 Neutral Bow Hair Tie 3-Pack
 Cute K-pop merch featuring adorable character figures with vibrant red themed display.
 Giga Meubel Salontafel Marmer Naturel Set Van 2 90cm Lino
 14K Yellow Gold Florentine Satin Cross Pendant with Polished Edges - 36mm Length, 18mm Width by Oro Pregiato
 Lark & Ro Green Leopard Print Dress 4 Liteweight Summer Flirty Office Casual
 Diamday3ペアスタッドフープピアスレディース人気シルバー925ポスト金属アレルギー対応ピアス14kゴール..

□ □ □ □

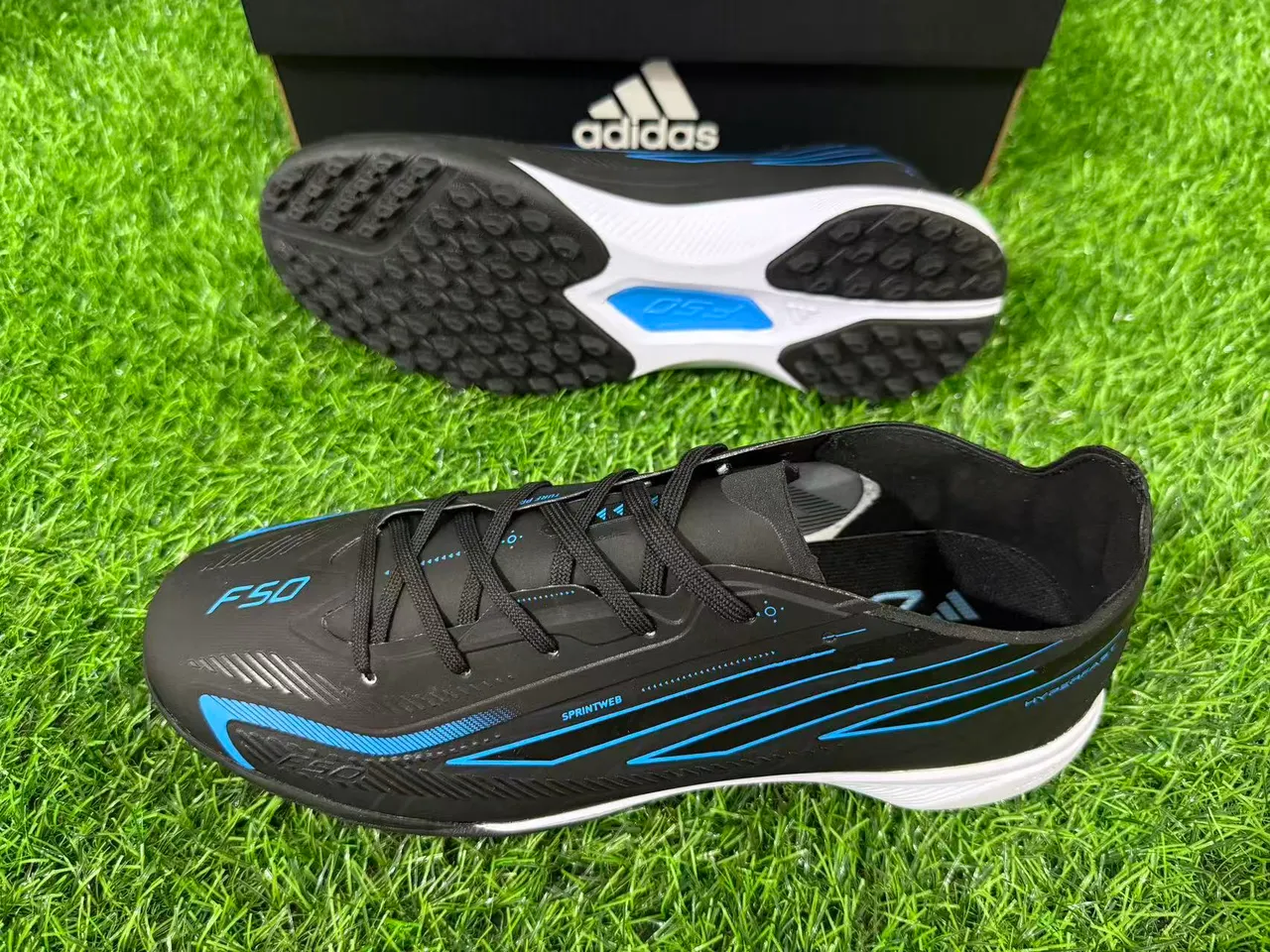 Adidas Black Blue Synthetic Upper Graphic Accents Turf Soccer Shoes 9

□ □ □ □

Would you show every line in the data above that contains the string "with"?

 Cute K-pop merch featuring adorable character figures with vibrant red themed display.
 14K Yellow Gold Florentine Satin Cross Pendant with Polished Edges - 36mm Length, 18mm Width by Oro Pregiato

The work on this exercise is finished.